Byron King, with a few notes on geothermal energy…

We have finished Day 2 of the Geothermal & Investment Summit. It was an
information-dense set of presentations from some of the leading lights of the
renewable energy development and finance community.

The utilities of the US, if not those in many other parts of the world, have
pressing needs not just to supply power to energy-hungry consumers. But more
than that they must meet both public and political pressures for using
renewable energy sources. Apparently heedless of the impact to the
environment of the Middle Kingdom and abroad, China commissions a new coal-
fired plant every 5 days. Yet in the US there has not been a new coal-fired
power plant permitted in about a year. So over time in North America, the
older systems are passing away. The question is, what will take their place?

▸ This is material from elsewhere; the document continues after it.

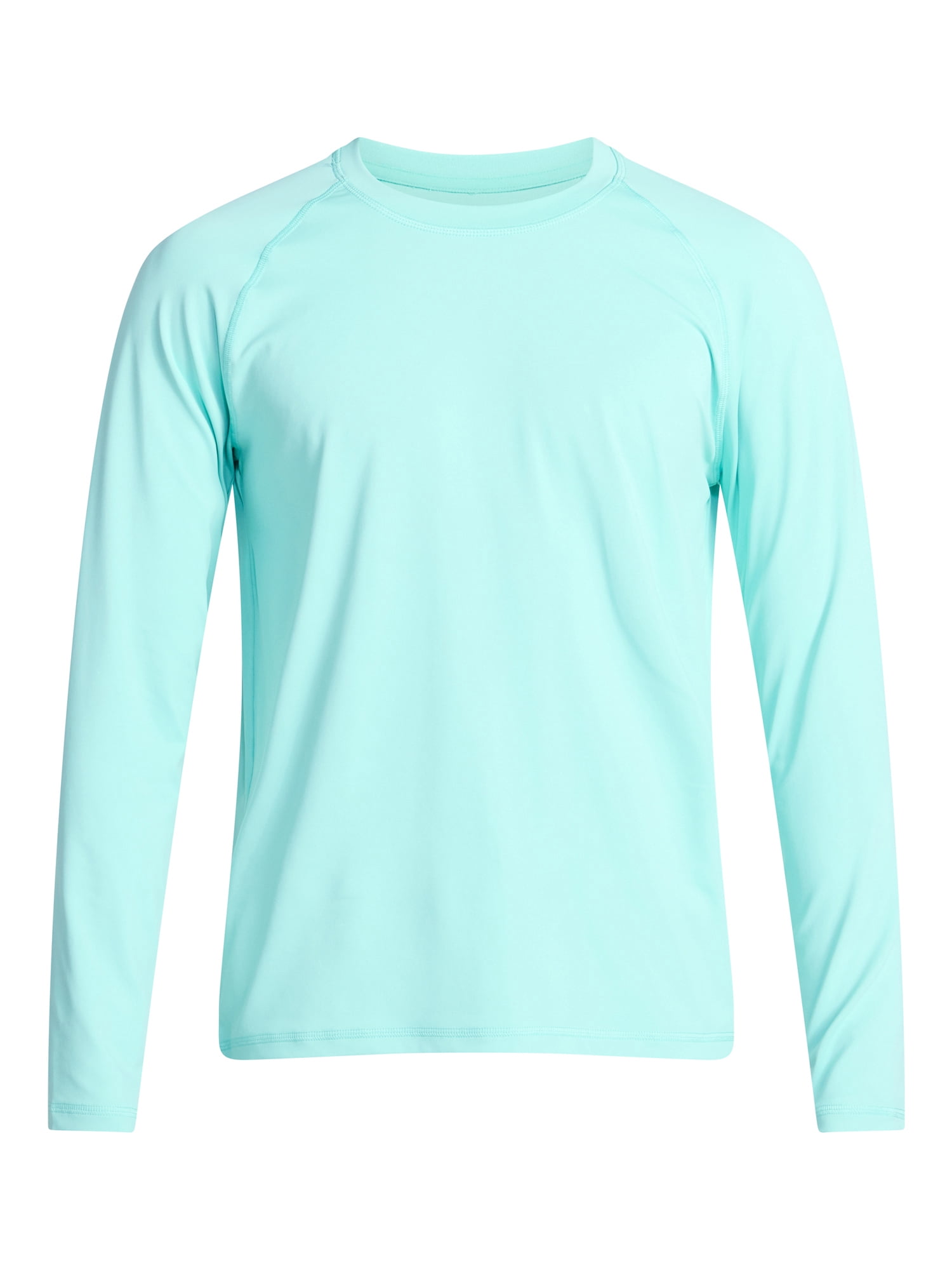 George Men's and Big Men's Rash Guard with Long Sleeves, Sizes S-3XL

To the extent that the public envisions renewable energy systems, the image
it holds is of tall poles with windmill systems on top with blades turning.
Or there is an expectation of solar systems mounted on rooftops, facing the
sun. But these are intermittent sources of energy production. Some of the
time - most of the time, really - the wind does not blow. And at least in the
nighttime, the sun does not shine. So for each Megawatt of power that moves
through the grid, down to meet the load, the requirement is for three
megawatts of installed capacity of wind and solar. Build three, get one. In
the big picture, this is not a good use of resources.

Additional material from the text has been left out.